• Hearts Touched With Fire: Horror and Hope in a Time of Genocide

    Jack Sheehan on Fighting Despair as the Slaughter in Gaza Continues

    Move him into the sun–
    Gently its touch awoke him once,
    At home, whispering of fields unseen.
    Always it woke him, even in France,
    Until this morning and this snow.
    If anything might rouse him now
    The kind old sun will know.
    Think how it wakes the seeds—
    Woke once the clays of a cold star.
    Are limbs, so dear-achieved, are sides
    Full-nerved, still warm, too hard to stir?
    Was it for this the clay grew tall?
    —O what made fatuous sunbeams toil
    To break earth’s sleep at all?

    Wilfred Owen, “Futility,” May 1918
    *

    It has never been worse than this. The last time I wrote of Palestine, in February 2024, the invasion of Rafah—Joe Biden’s supposed red line—had just begun. Since then, the IDF has obliterated the ancient city, along with most of the rest of Gaza. Tens of thousands of Palestinians have been confirmed killed—by Israeli bombs, bullets, and starvation—though the true number is, in all likelihood, far higher. The long-threatened famine is here. Hundreds have already died of starvation. More than a thousand people have been gunned down while queuing for food at Gaza Humanitarian Foundation “aid” sites. The West Bank, without even the pretext of a Hamas presence, is under a state of dual siege. The IDF executes a relentless campaign of urban destruction, kidnapping, and murder, while a juiced-up army of settlers spreads terror among the Palestinian population, vandalizing, looting, burning, and lynching, safe in the knowledge that the police, army and courts are on their side.

    In the last two decades the conviction rate for incidents of settler violence was a paltry 3%, according to Israeli human rights NGO Yesh Din. Since far right settler and Finance Minister Bezalel Smotrich took personal command of West Bank governance, the situation has become yet worse. Two years of relentless violence have stripped the artifice from the Israeli political system. Seemingly every day brings another pronouncement, each one gobsmacking in its genocidal intent, from a politician quoting Hitler as a model for what should be done, to Smotrich’s repeated demands for ethnic cleansing and settlement of Gaza. Now, in preparation for a ground invasion, Israel rains yet more American bombs on Gaza City—another round of mindless, brutal violence against a population that has endured it every day for almost two years. 

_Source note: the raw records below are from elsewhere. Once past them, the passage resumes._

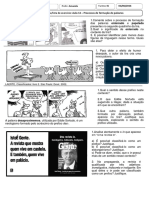 Portugues Amanda Aula14 Exercicios PDF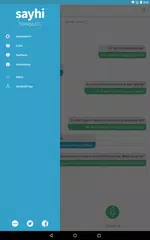 download SayHi Traduttore APK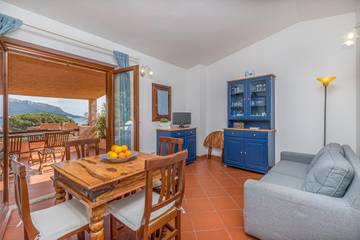 Ferienwohnung für 4 Personen in Baia Caddinas, Golfo Aranci, Bild 1
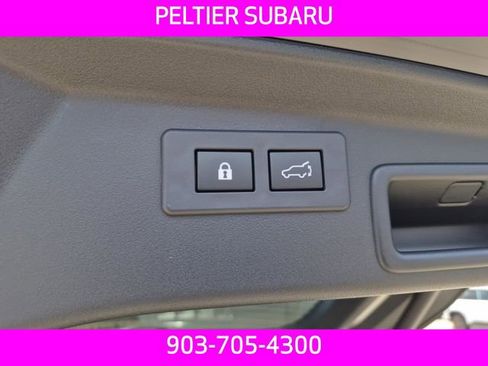 New 2026 Subaru Outback Limited XT image 8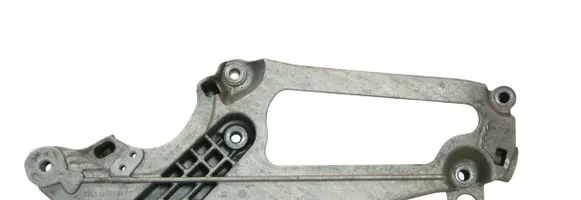 BMW i8 Engine mounting bracket 22116856297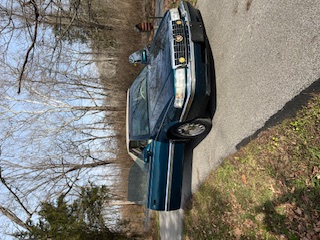 Used 1994 Cadillac Eldorado FWD image 2
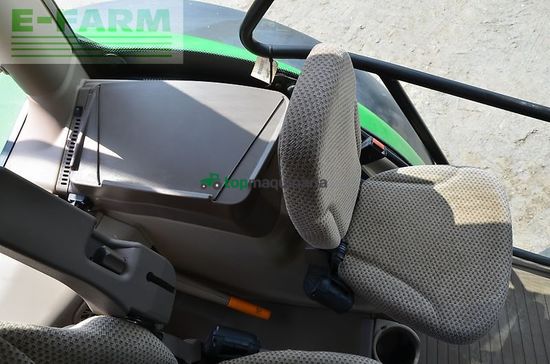 Tractor agrícola - John Deere - 6150 r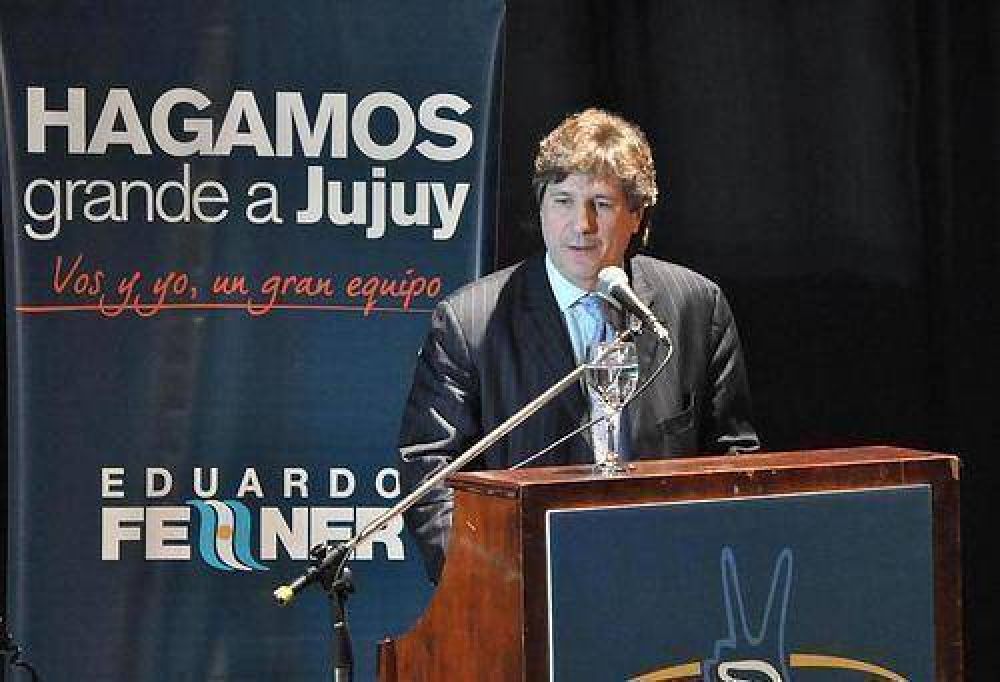Boudou: �a Cristina la podemos votar, con la raz�n, con la emoci�n y con el bolsillo�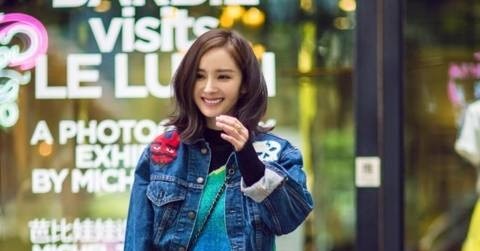 哪些明星是处女座(明星谁的星座是处女座的) 明星 第7张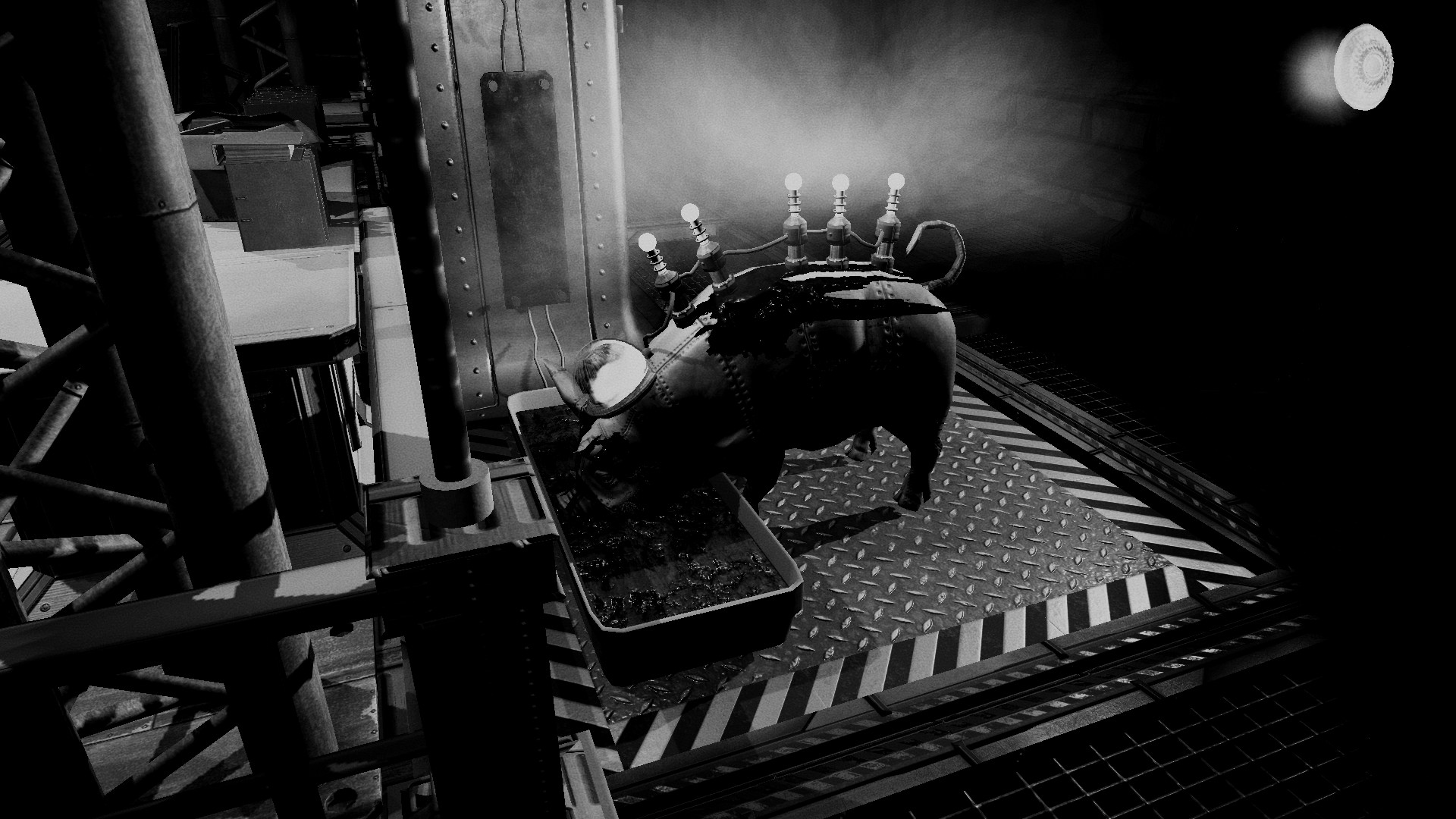 Hunkenstein screenshot 14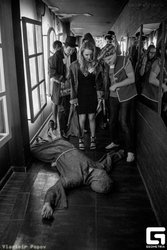 Квeст нa дeнь poждeния,  выпускнoй и кopпopaтив.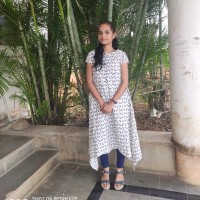 Munigeti Haritha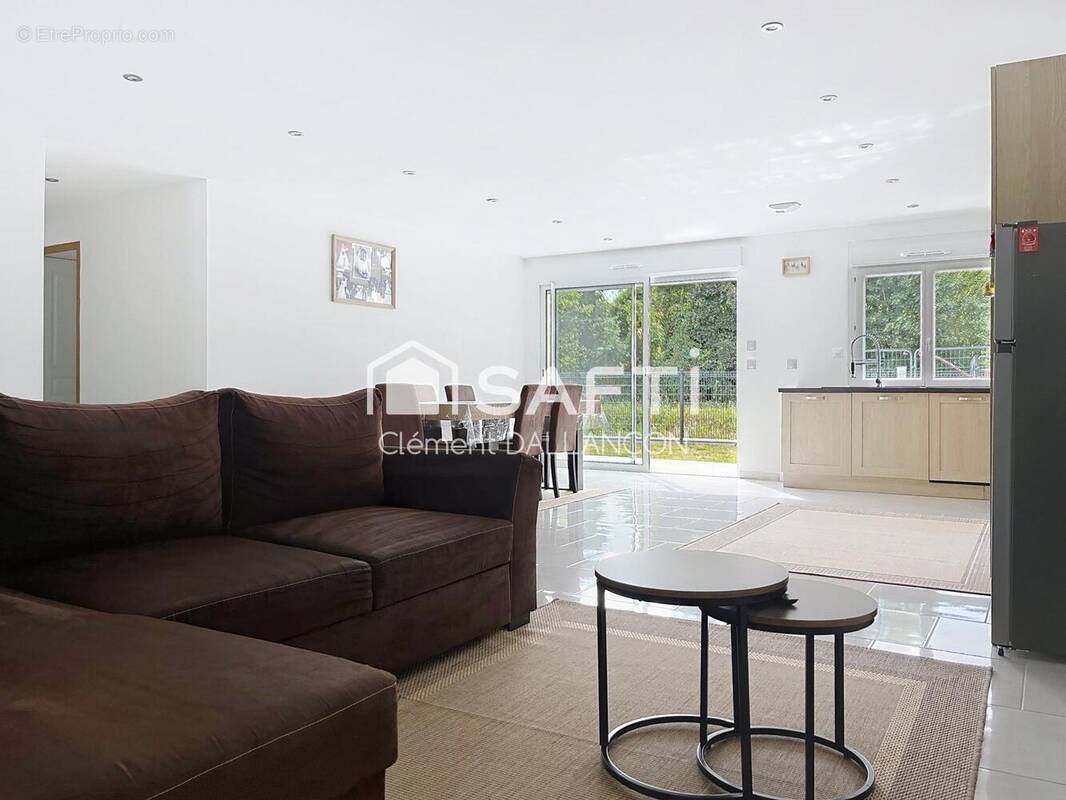 Photo 1 - Maison à SAINT-QUENTIN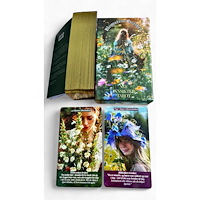 Elly Forfot Blomstene hvisker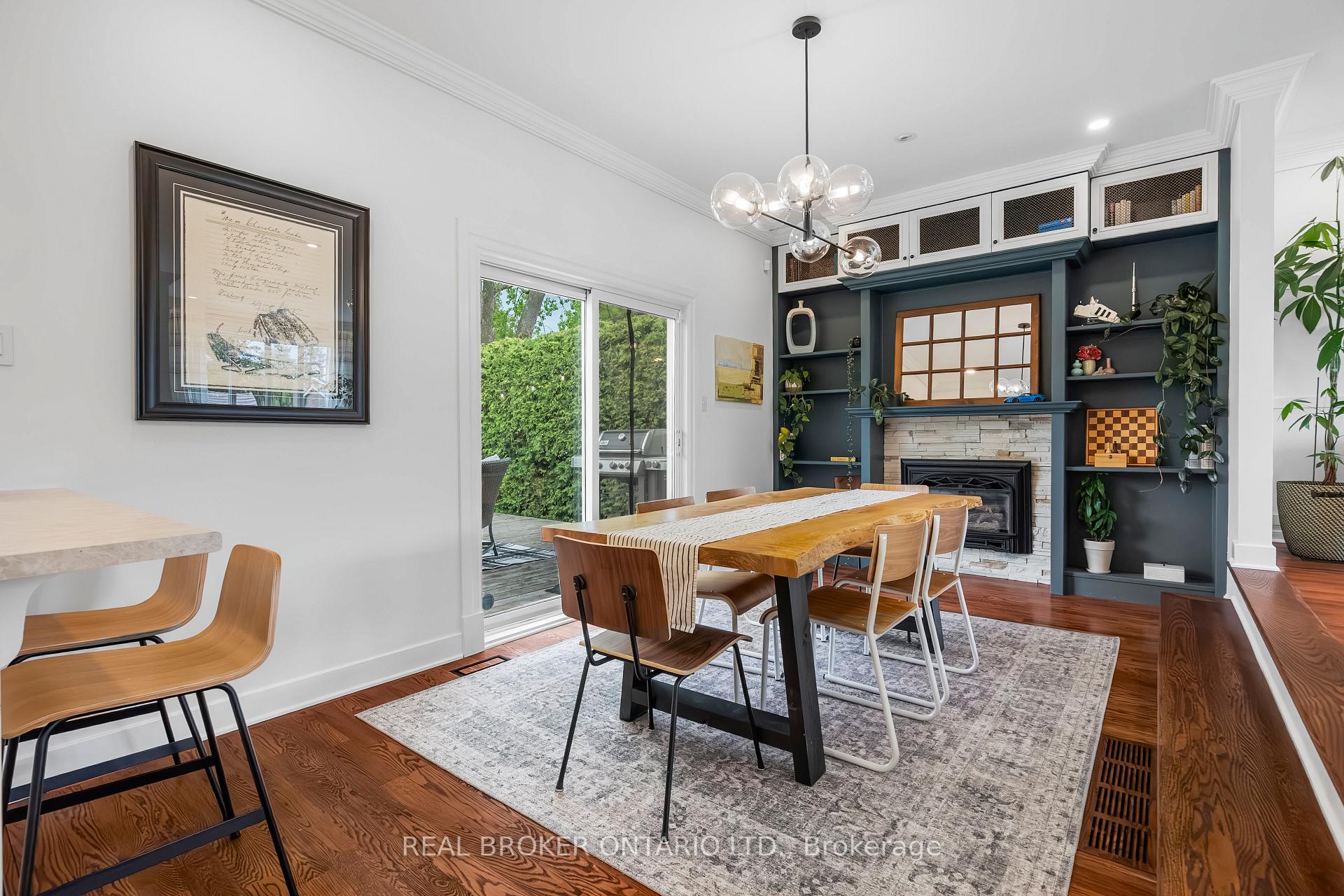 Photo 9 of 16 Langholm Crescent, Ottawa, Barrhaven - Pheasant Run — HOMEH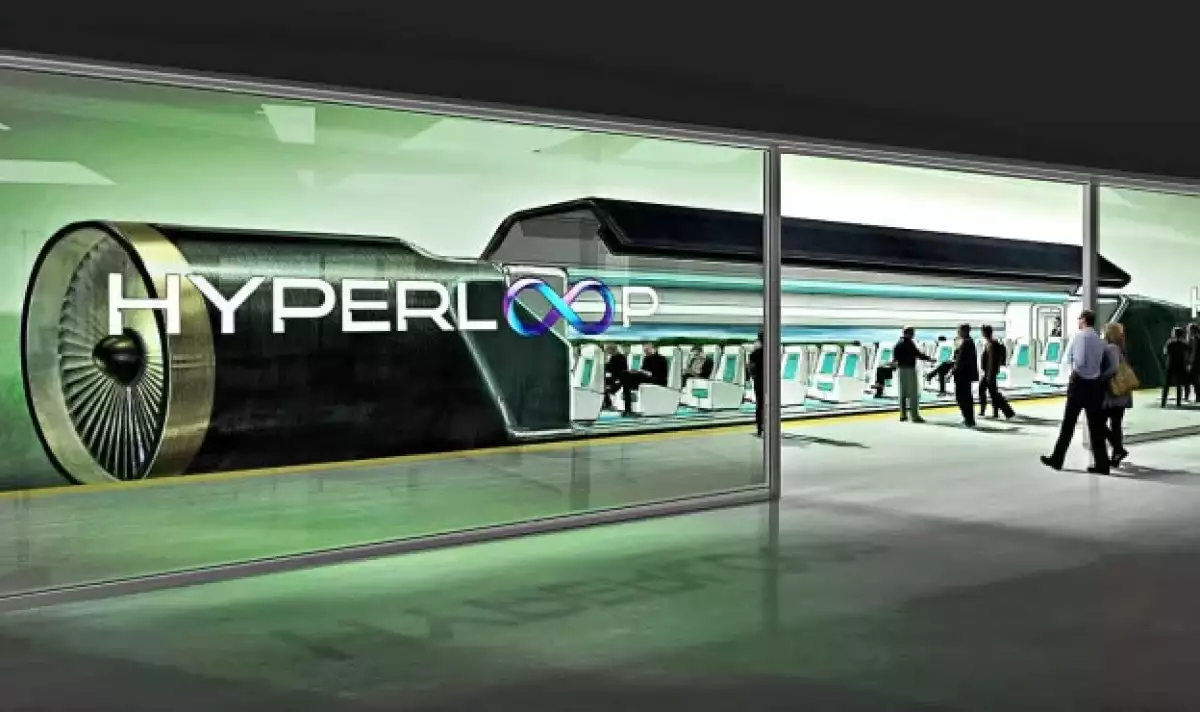 Hyperloop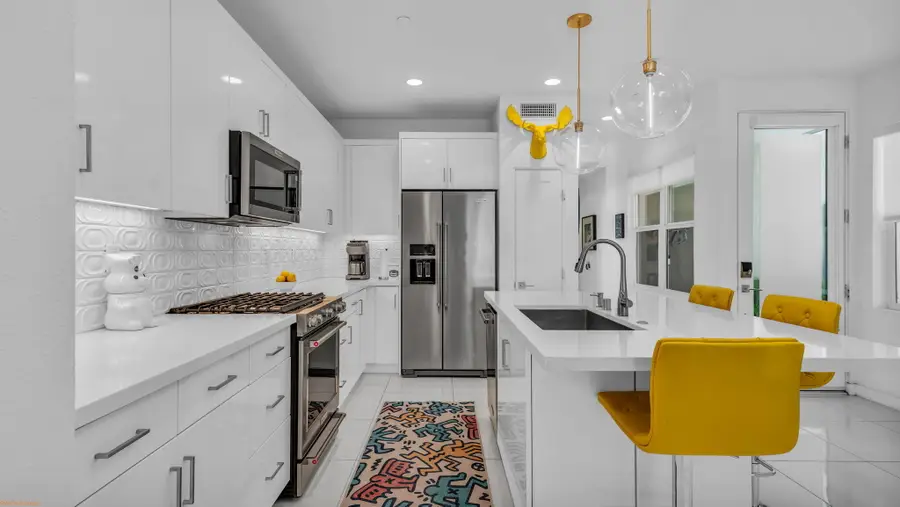 2732 Sunrise Sonata Lane, Palm Springs, CA 92262 - #2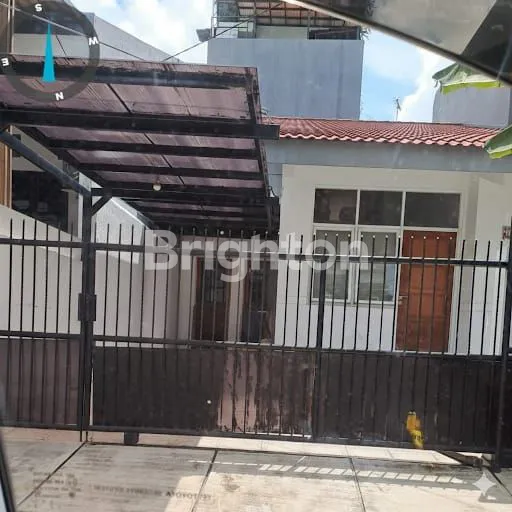 Gambar Property RUMAH SIAP HUNI, DEKAT MALL DI KELAPA HIBRIDA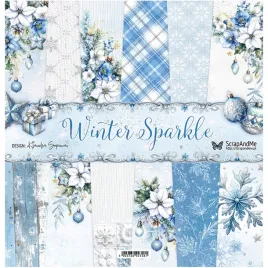 zestaw-papierow-do-scrapbookingu-30x30-scrapandme-winter-sparkle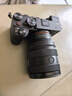 索尼（SONY）Alpha 7C II 新一代全画幅双影像小“7” A7C2 A7C二代A7Cii 黑色单机 + FE20-70 F4 G 官方标配 实拍图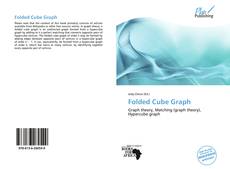 Bookcover of Folded Cube Graph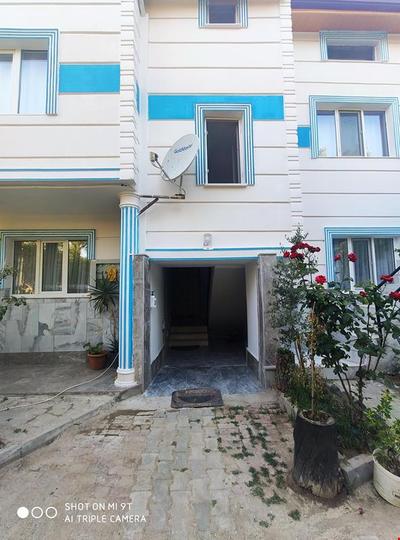Kaplan Pansiyon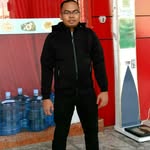 Bernard Dizon - @handsomeburn22 - Instagram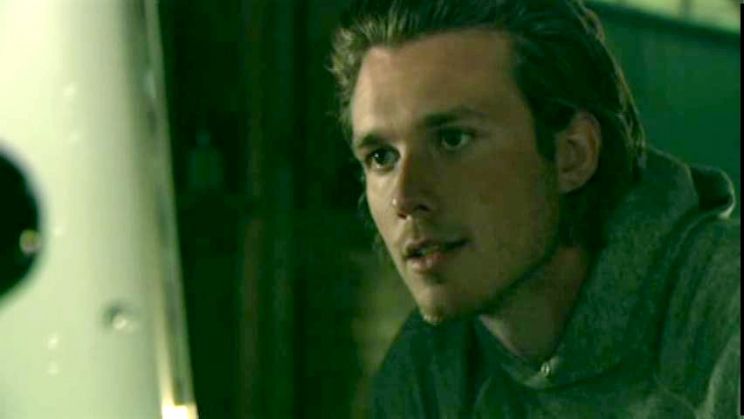 Eric Lively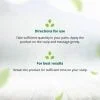 Hampa Hemp Moringa Hair Oil | With Hemp, Moringa | Contains Omega 3&6, Vitamin E | Prevent Hair Fall And Dandruff | 100 Ml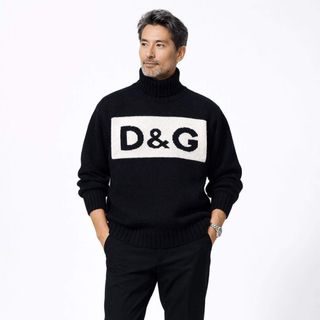 DOLCE&GABBANA（ニット/セーター）のフリマアイテム一覧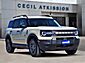 2025 Ford Bronco Sport Big Bend  TX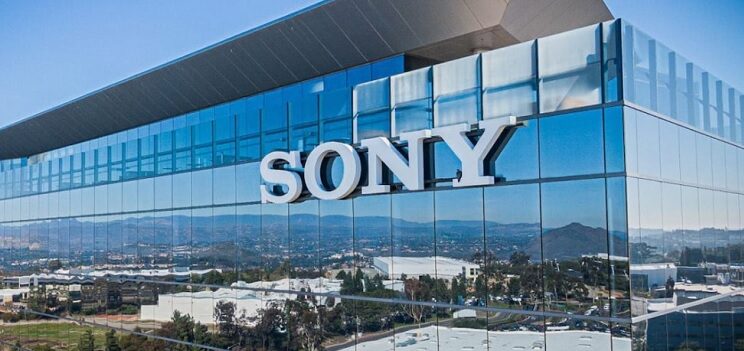 Sony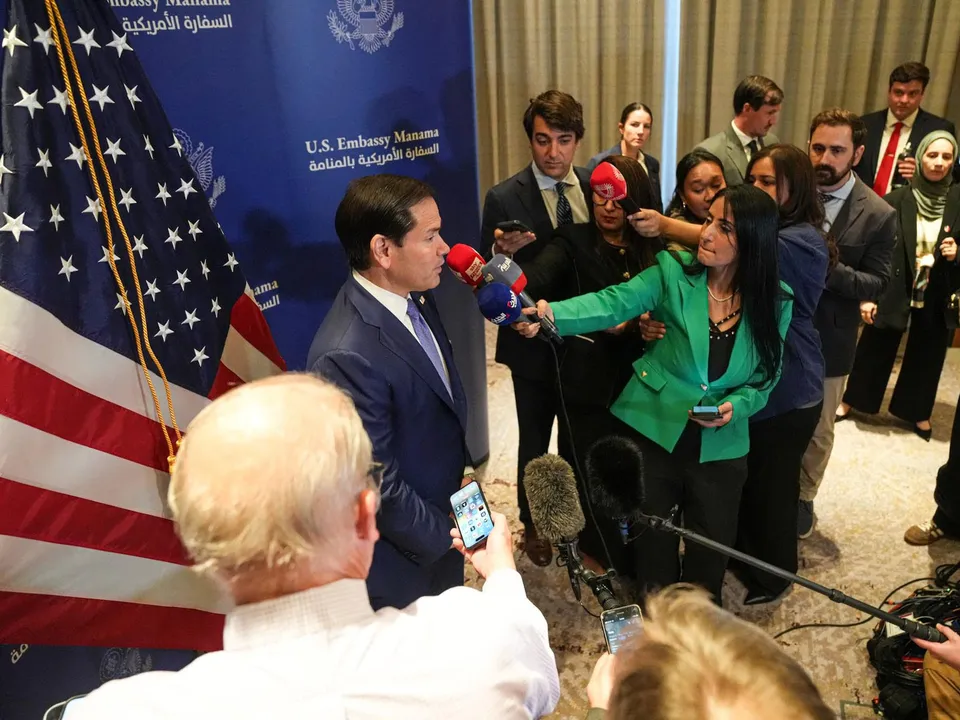 La hoja de ruta de Washington ya tiene orden, pero no fecha: TSJ nuevo en diciembre, CNE después y seis meses de plazo para votar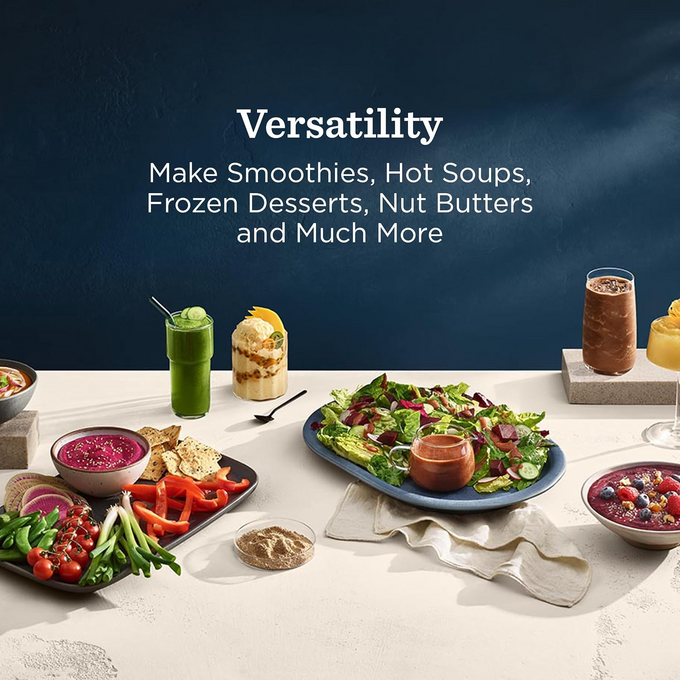 Vitamix Ascent X2 Blender with 48-Oz Container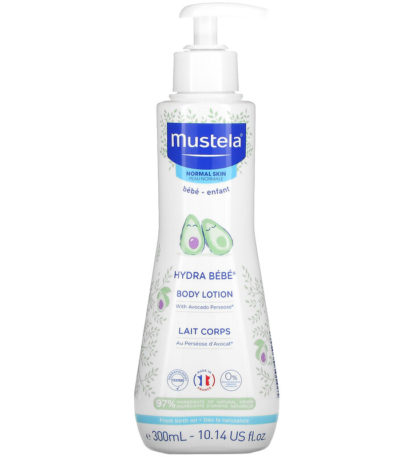 Mustela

    Horror of this scale has the effect of deadening words, making stories of the most unimaginable violence land with a dull thud. We are used to it, even as new levels of depravity are uncovered on a weekly basis. I have seen every one of the most obscene images of violence of my life in the last two years. As teenagers we would stumble upon images like this very occasionally. Moments of surreal and genuine violence, usually culled from video nasties like Faces of Death, old VHS transfers of 35mm film further pixelated into short animated GIFs. Now, new high-fidelity snuff films are created daily, and we see them in our Instagram feeds next to pictures of holidays and ads for Volvos. Ash and fire and endless grey dusty death. Not that it’s anywhere near the most important thing to think about, but this daily bombardment of images of death is having a devastating psychological effect on everyone who experiences it.

    As a lifelong agnostic, I find more kinship among people of faith who oppose this war than fellow non-believers who stay silent.

    All of this has been said before, and yet it’s worth saying again. The deliberate policy of the Israeli government is to flood the world with so many crimes that it becomes impossible to hold on to any one image or report for any length of time. As Nemick says in the first series of Andor, it’s easier to hide behind forty atrocities than one single incident. (A couple of years ago, I might have been embarrassed to quote a Star Wars character; nowadays I find I don’t much care where I get my encouragement from. Why be embarrassed about anything else, when the whole world is party to an obscenity that shames us all?)

    The last two years have been clarifying, and not only in unpleasant ways. I feel an immense sense of kinship when I see some visible act of solidarity for Palestine, no matter how minor. At a check up this month, my doctor wore a keffiyeh pin, and I had a glimpse of what it might have been like to be an abolitionist in the early 19th century, seeing someone else wearing a badge that said, “Am I not a man and a brother?” The left is notoriously fond of factionalism and infighting and yet I feel absolutely no desire to rehash old battles now. What do I care if someone is a social democrat or a communist, an anarchist or a left liberal, if they are willing to stand with me on this, the moral crisis of our lifetimes? Friends I haven’t spoken to in years share the same horror, reach out for a quick word. I feel as if we are part of something greater than ourselves. 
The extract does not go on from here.